Enzo was so meticulously respectful of Will’s original texts that he refused to alter them in the slightest; he particularly hated modern adaptations (Elizabethan humour was Elizabethan) and he shunned like the plague any production that implied a historical and temporal setting other than the original. He was sickened by naked Hamlets running around the stage, by Romeos and Juliets in jeans, by the Taming of the Shrews in apocalyptic settings or by Henry V in concentration camps. Any freedom from setting, interpretation or disfigurement made him nauseous, made him want to beat up those responsible for such an aberration and made him want to run off to Stratford-upon-Avon to kneel on Will’s humble grave and make an act of contrition for someone else.

The actor who plays Macbeth, Pere Ricart, whose acting savoir faire improves noticeably with a few too many drinks.

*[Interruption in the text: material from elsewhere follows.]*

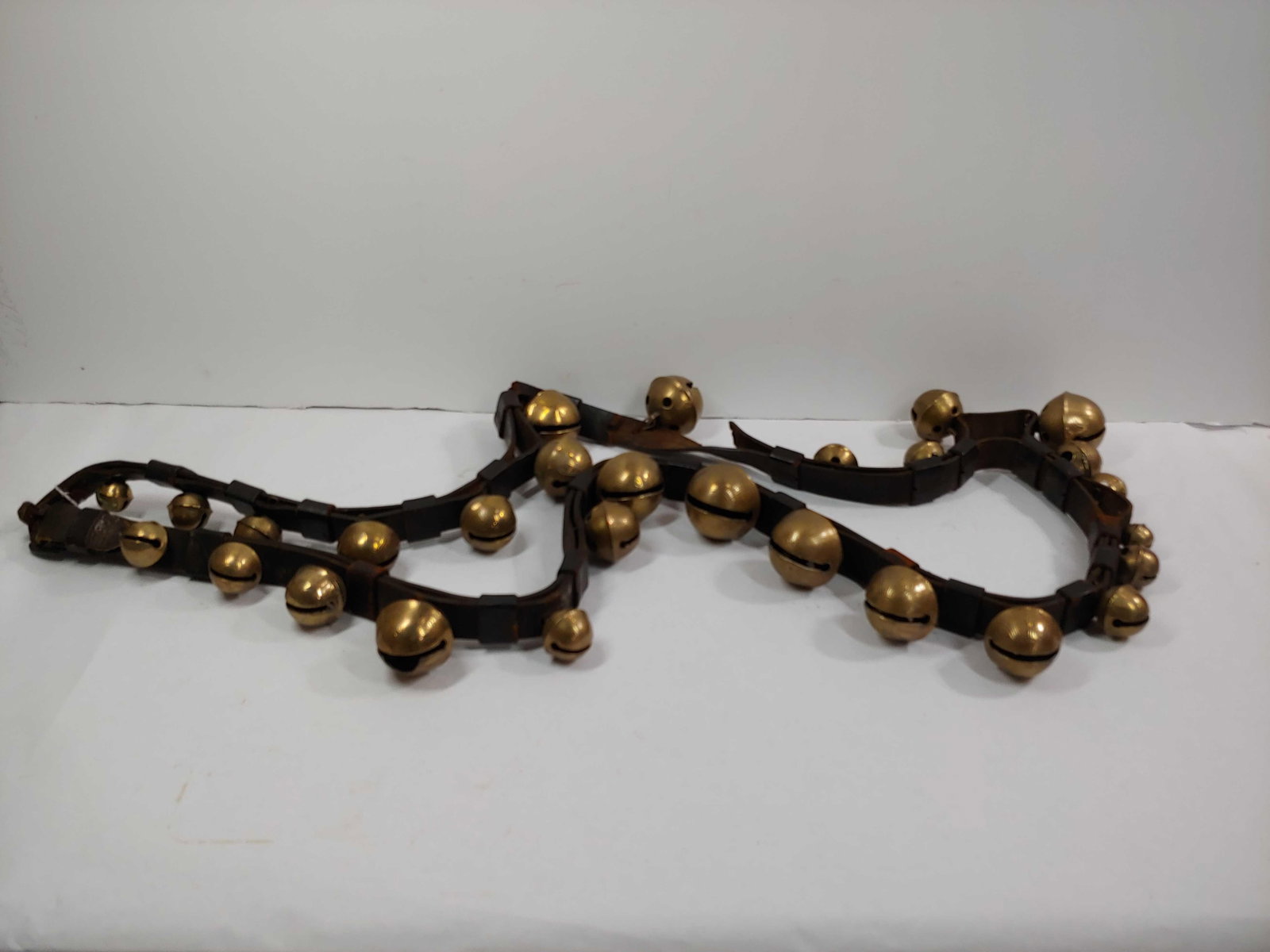 Strand of 28 brass graduated sleigh bells on leather belt: A few bells are cracked and leather belt shows condition in areas, also has 1 unfastened bells, but overall is a desirable strand.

Although he looked bad, that afternoon Pere Ricart played Macbeth perfectly. He looked concentrated and the lines of text came out of his throat with the precise restraint that so pleased the theatre director. A couple of years ago, Borges had attended a performance by Pere Ricart where his Tartuffe had been acclaimed by the public for its magnificent performance. The theatre director knew that he had acted completely drunk from the first to the last act, but he would have bet his five Butaca awards that no one else had noticed.

And finally, Margot Degard, the diva, who plays Lady Macbeth, and who is diagnosed with type two diabetes halfway through rehearsals.

Margot, who lived free from the shackles of age because divas could play the role of Lady Macbeth perfectly despite being almost twice the age of King Duncan himself, felt the pang of fear. The stage was her life. She had decided long ago, so long that she could not even remember, that she would die on it. But not like this, sick, enslaved by medication and turned into a shadow of herself. She would die whole, reciting without pause Medea’s final speech, Clytemnestra’s desperate farewells or Beatrice’s cheerful love advice.

Without wishing to reveal the ending of this entertaining novel, we can give you a spoiler-like statement: Elsa ditches Max Borges on the very day Macbeth premieres at the Fringe Festival and, to the surprise of readers and protagonists, they meet again in a small hotel on Skye Island, where even David William Donald Cameron, the Prime Minister of the United Kingdom, appears. Mónica Gutiérrez begs him “to forgive any impertinence she might have said in the highly unlikely event that he reads this novel, as it was never the writer’s intention to annoy or slander him.”